Published: Thu 5 Jun 2014 02:46 PM
Award-winning film programme comes to Old St Paul’s
Wellingtonians have a one off opportunity to view an award-winning slice of vintage kiwiana in the stunning Old St Paul’s this month.
Reel Life in Rural New Zealand – a creative partnership between Heritage New Zealand and the New Zealand Film Archive – is a compilation of 18 short films celebrating New Zealand’s agricultural heritage. It will screen at the historic church on Wednesday 18 June.
The church setting will be in contrast to the rural locations used when the film programme originally screened at five historic woolsheds from the Hawke’s Bay, Tararua and Wairarapa regions in March 2013.
Viewed by over 1200 people including 300 school students, Reel Life proved a highly successful partnership between heritage and film, and won the Most Innovative Public Programme category in this year’s Museums Aotearoa NZ Museum Awards.
Now ‘townies’ have a chance to view the 70 minute programme, which features seldom seen amateur footage and government newsreels from the Film Archive that showcase New Zealand farming history, shearing gangs, kiwi inventions dating back to 1913, and some of the unique rituals of country life.
Heritage New Zealand Central Region Area Coordinator, David Watt, says the films provide an opportunity to bring people close to their history.
“They add a new layer of storytelling that helps to bring to life New Zealand’s remarkable agricultural heritage.”
The programme includes Broad Acres, a New Zealand Sheep Station (1940), a documentary centred around a city girl who visits a family of Hawke’s Bay sheep farmers, as well as newsreel and documentary footage showing returned servicemen being trained as farmers near Masterton in 1945.
The famous topiary garden at Neuman, near Eketahuna, also features. Created by farmer John Cooper, the garden was a popular destination for tourists in the 1930s, who came to see couches, animals, a piano player, and many more impressive topiary works. The 1961 Golden Shears contest is screened featuring New Zealand champion shearers, Godfrey and Ivan Bowen.
Other films show inventions for the farm and home including the first electric tractor in New Zealand, and Percy Fisher’s monoplane lifting off (momentarily) into the Wairarapa sky in 1913. Crafted with classic New Zealand ingenuity, in the No. 8 fencing wire tradition, these films are presented along with an inventive recorded soundtrack composed and performed by Wellington musician, Bill Hickman and friends.

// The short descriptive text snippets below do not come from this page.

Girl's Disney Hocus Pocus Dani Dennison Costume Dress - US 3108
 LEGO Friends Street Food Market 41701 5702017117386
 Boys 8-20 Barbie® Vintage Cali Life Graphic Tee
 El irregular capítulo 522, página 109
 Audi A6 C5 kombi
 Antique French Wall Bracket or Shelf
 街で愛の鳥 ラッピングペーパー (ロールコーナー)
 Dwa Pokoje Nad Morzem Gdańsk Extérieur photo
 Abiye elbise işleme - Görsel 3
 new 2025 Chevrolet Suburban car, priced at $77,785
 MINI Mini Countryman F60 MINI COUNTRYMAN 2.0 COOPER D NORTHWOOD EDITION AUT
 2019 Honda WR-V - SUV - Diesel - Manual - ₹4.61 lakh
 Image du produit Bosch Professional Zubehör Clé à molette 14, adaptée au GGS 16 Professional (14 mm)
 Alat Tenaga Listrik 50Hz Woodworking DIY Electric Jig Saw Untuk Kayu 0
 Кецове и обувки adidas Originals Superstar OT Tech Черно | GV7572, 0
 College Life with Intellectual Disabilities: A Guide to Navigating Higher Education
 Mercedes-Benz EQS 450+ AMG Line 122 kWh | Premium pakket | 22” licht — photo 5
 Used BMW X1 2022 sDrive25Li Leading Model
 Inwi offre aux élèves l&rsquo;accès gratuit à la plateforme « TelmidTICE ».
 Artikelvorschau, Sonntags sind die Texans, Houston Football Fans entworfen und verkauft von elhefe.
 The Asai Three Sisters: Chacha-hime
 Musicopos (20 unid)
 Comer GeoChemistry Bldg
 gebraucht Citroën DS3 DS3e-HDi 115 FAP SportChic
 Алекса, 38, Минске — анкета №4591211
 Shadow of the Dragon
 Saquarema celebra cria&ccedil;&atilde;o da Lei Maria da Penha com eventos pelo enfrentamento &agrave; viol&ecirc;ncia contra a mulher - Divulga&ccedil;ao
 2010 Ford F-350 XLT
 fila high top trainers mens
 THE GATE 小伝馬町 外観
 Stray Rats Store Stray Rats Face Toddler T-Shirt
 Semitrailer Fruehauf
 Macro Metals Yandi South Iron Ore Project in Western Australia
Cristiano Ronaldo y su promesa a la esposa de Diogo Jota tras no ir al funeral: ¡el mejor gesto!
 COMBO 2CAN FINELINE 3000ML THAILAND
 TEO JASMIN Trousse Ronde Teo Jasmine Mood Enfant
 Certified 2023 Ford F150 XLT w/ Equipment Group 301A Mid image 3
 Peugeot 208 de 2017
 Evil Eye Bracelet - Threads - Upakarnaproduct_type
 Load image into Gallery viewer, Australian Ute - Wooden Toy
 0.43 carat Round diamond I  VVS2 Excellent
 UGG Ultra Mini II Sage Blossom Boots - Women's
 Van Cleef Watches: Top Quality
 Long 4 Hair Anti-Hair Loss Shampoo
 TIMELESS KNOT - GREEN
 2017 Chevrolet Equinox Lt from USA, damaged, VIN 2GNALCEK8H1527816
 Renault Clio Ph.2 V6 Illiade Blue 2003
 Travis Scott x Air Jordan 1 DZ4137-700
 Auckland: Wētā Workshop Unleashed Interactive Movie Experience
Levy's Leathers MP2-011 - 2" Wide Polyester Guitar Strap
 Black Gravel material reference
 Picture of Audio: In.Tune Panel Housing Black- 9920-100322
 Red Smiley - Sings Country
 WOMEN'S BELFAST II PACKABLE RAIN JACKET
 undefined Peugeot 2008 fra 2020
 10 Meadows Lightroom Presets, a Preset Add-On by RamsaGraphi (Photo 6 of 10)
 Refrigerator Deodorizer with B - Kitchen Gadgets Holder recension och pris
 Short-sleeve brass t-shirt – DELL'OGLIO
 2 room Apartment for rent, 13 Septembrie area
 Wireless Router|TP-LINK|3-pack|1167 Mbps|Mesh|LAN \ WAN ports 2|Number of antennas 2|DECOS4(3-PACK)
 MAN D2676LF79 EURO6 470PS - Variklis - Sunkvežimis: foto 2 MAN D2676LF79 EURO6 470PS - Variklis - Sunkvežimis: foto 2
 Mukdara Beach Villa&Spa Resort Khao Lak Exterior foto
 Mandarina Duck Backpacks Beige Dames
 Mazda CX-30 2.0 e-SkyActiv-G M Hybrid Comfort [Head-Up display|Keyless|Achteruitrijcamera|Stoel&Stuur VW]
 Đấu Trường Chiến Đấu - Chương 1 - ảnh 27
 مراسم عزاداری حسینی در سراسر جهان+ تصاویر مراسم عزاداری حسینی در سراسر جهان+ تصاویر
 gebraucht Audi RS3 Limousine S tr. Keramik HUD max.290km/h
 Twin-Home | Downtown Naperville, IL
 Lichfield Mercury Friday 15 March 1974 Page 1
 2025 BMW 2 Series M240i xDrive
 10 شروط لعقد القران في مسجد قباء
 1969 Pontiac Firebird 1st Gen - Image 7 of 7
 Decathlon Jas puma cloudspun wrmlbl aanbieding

Ellen Pullar of the New Zealand Film Archive says historic venues such as Old St Paul’s bring the films new life.
“Films allow the past to come to life – they are literally the past in motion – and experiencing this in buildings that have been standing for generations, is really special. Showing the films in historic buildings adds a resonance to the stories and histories shown on screen.”
Venue: Old St Paul's, Mulgrave St Wellington, Wednesday 18 June, from 5.30pm.
Cost: $18 for Heritage New Zealand members; $20 general admission. Complimentary drink and nibbles on arrival.